In the draft to build a replacement Law on Personal Income Tax (PIT), the Ministry of Finance emphasized the need to change regulations on family deductions to properly reflect changes in people's living standards, consumer price index (CPI), and socio -economic conditions.
Currently, the family deduction for taxpayers is VND11 million/month (VND132 million/year) and VND4.4 million/month for each dependent. This regulation has been applied since 2020, helping to reduce the tax burden on people in the context of price fluctuations. However, this deduction also significantly reduces the number of people who have to pay personal income tax. According to calculations, people with an income of VND17 million/month (if having one dependent) or VND22 million/month (if having two dependents) currently do not have to pay personal income tax after deducting insurance and family deductions.
According to the 2023 Population Living Standards Survey Report by the General Statistics Office, the average income per capita in Vietnam is VND 4.96 million/month. The current family deduction is equivalent to more than 2.21 times this average income and is nearly equal to the average income of the richest 20% of the population. This makes the personal income tax policy in Vietnam different from international practice, when the deduction usually fluctuates around the average income per capita.

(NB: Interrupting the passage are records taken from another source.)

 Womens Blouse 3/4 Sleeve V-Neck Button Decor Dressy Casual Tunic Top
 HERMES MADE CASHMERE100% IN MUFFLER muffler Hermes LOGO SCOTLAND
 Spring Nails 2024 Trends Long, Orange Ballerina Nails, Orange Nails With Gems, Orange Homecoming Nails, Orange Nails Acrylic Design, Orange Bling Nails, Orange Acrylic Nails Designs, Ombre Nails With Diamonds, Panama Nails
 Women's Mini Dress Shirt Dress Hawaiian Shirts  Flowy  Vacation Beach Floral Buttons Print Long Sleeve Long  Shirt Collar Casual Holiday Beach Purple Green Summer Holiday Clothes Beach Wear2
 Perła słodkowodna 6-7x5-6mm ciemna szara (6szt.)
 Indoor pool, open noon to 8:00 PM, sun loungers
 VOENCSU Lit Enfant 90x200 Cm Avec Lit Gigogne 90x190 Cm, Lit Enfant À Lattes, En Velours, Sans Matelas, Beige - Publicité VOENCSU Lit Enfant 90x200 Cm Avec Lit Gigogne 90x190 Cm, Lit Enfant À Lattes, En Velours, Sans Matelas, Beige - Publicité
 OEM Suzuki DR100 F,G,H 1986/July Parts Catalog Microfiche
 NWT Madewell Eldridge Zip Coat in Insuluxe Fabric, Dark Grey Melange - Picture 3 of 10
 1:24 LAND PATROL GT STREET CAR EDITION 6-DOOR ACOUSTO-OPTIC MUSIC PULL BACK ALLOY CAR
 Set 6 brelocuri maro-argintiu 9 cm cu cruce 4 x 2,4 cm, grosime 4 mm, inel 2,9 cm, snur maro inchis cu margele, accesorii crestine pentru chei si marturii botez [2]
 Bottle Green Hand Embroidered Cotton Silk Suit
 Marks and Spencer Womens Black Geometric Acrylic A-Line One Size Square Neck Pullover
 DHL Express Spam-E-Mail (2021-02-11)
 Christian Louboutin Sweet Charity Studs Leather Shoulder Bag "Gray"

The Ministry of Finance believes that the family deduction level is too high, which will obscure the role of this tax, causing the personal income tax to no longer perform its function of regulating income and ensuring social equity. Therefore, it is necessary to review the family deduction level to both ensure the rights of taxpayers and maintain the tax's regulatory role.
To ensure flexibility and suitability to the practical context, the Ministry of Finance proposes to assign the Government the right to regulate the family deduction level instead of the National Assembly Standing Committee deciding as it is currently. This will help make adjustments more quickly when there are fluctuations in prices or changes in people's living standards.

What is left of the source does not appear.